Later she discovered Charles Dickens, Jane Austen, Tolstoy, Tolkien, Borges, Virginia Woolf and became fascinated by their style. As a writer she was curious of everything and considered inappropriate the journalists’ question about the specific source of her inspiration. Writers, Le Guin says, find their inspiration observing streets, rooms, voices, smells, gestures, dreams, picking up details and turning them into something new, something that is made up, as imagination is humankind’s most useful tool.

The imagination is a fundamental way of thinking, an essential means of becoming and remaining human. It is a tool of the mind. Therefore we have to learn to use it. Children have imagination to start with, as they have body, intellect, the capacity for language: all things essential to their humanity, things they need to learn how to use, how to use well. Such teaching, training, and practice should begin in infancy and go on throughout life. Young human beings need exercises in imagination as they need exercise in all the basic skills of life, bodily and mental: for growth, for health, for competence, for joy. This need continues as long as the mind is alive.

In a society that tends to be defined by consumerism and superficiality it is very important that we become selective and informed:

Certainly we’ve become so numbed by the quantity of unverifiable information poured out upon us that we admit factoids, as more or less equivalent to facts. And with the same numbness, we’re generally acceptant of hype of all kinds – advertising, stories about celebrity figures, political “leaks”, patriotic and moralistic declarations, and so on – reading it without much caring if the material is credible or that we’re being treated as objects of manipulation.

As she was born in 1929 in a society led by men, Le Guin had to fit in it and play by their rules. The book opens with a daring essay about gender. She pretends to be a man just to show that women can write like men but keep their own expectations. Using the generic pronoun “he” Le Guin fights for artistic freedom and options.

Later she focuses on beauty and the sacrifices women make in some cultures to be beautiful for their men. The example offered refers to the Chinese custom of breaking and binding little girls’ feet as a sign of beauty and royalty. Beauty, Le Guin says, should be about how a person is and not a game controlled by some people who make fortunes from it; beauty is about body and mind.

There’s the ideal beauty of youth and health, which never really changes, and is always true. There’s the ideal beauty of movie stars and advertising models, the beauty-game ideal, which changes its rules all the time and from place to place, and is never entirely true. And there’s an ideal beauty that is harder to define or understand, because it occurs not just in the body but where the body and the spirit meet and define each other.

The last essays of the book are opinions on writing and on the process of speaking and listening. During their conversations people not only exchange information but develop relationships. The author emphasizes the importance of face-to-face conversations and declares that her model for intersubjectivity is amoebas having sex because during reproduction they divide themselves.

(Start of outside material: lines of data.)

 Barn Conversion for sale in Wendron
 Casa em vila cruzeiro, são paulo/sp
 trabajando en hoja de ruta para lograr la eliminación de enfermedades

Two amoebas having sex, or two people talking, form a community of two. People are also able to form communities of many, through sending and receiving bits of ourselves and others back and forth continually — through, in other words, talking and listening. Talking and listening are ultimately the same thing.

As I have already mentioned before, but I feel like saying it again, the book is extremely inspiring and profound. Everything in it is relevant for our becoming and also pertinent and closely related to the today’s society.